Finding success using that strategy can be a challenge, however, as sportsbooks move their lines as information becomes available. According to Walsh, some bettors research tendencies of coaches well before preseason lines are up to understand how long a coach likes to keep key players in preseason games and if they value preseason results.

Some bettors might find a personnel edge in a matchup. For example, one team could plan on playing multiple starting-caliber quarterbacks to help determine the winner of a quarterback battle, while a team with a proven starter might only play younger, subpar quarterbacks battling for a practice squad role. That’s a type of situation when a professional bettor may feel confident enough to wager on a preseason contest.

“They’re not going to bet on the Hall of Fame Game just because they miss the NFL,” Walsh said. 

Edlow says he often looks at first quarter or first half NFL preseason spreads, using news about player availability to find a potential edge.
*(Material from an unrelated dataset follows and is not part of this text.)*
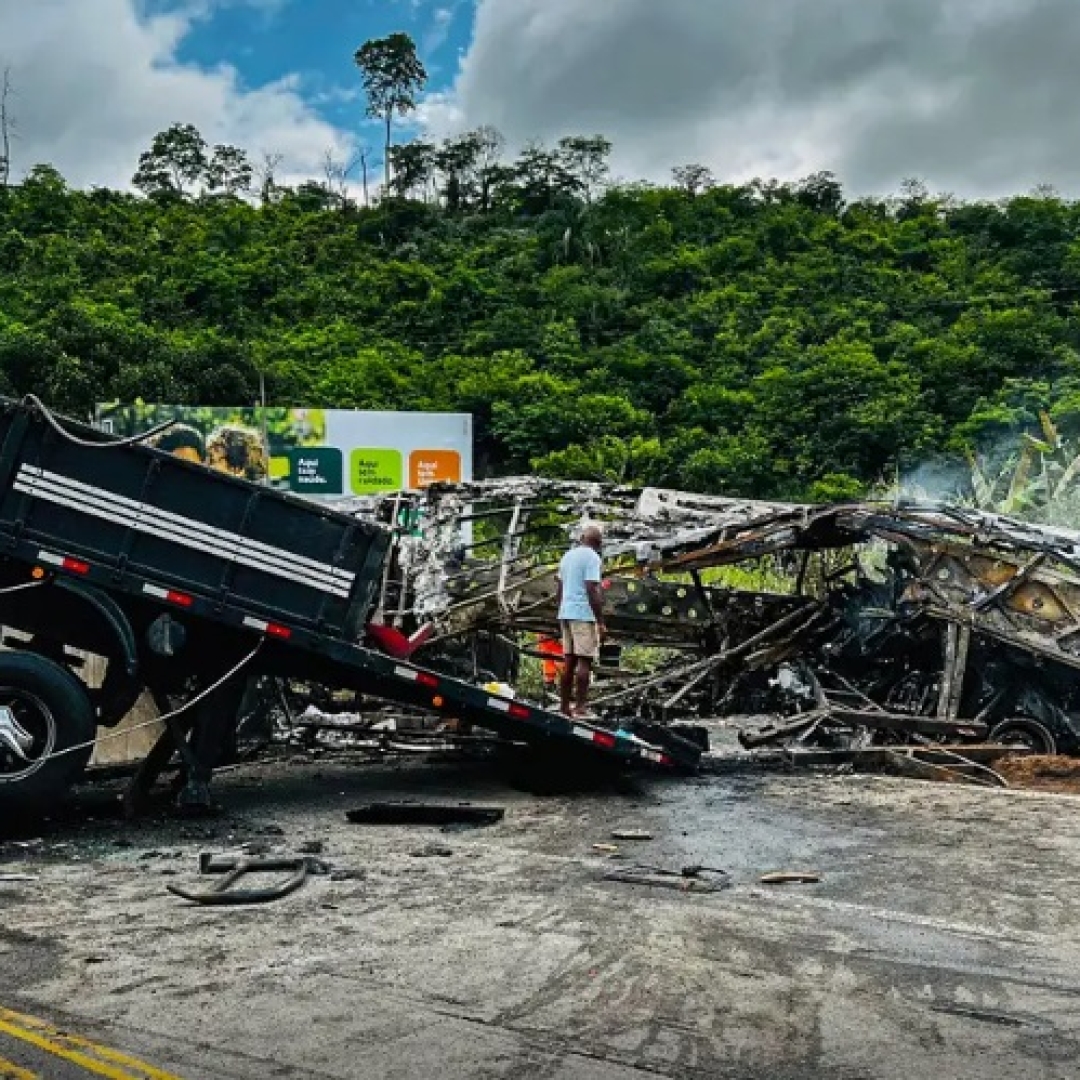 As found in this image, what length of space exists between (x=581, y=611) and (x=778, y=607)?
3.28 m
Like Walsh, Edlow believes roster management decisions can create the occasional “imbalance” in a game, giving one side an edge.

Casual fans might frown on bettors putting money down on games with seemingly meaningless outcomes, but for professional bettors, it doesn’t matter if an edge comes in Week 2 of the preseason or in the playoffs. 

“Bets on preseason games or bets on Horizon League college basketball in the middle of the day pay just the same as Duke-UNC or Bills-Chiefs in the playoffs,” Walsh said. 

The next time someone calls you a degenerate for betting the NFL preseason ask them if the money you win there spends any differently than what you can make during the regular season

— Todd Fuhrman (@ToddFuhrman) August 17, 2019

Walsh admitted lower-level games can have smaller betting limits at sportsbooks, and there are typically fewer edges in limited exhibition games compared to a full regular season of a sport, but that doesn’t mean there aren’t good opportunities to bet. Edlow shared that he limits his unit count for exhibition games and rarely went above a one-unit play during this year’s NBA Summer League, but both Edlow and Walsh agreed that just because a game doesn’t matter in the standings doesn’t mean the matchup is irrelevant to bettors.

“There are fewer edges, but if you can find one, there’s stuff worth betting,” Walsh said.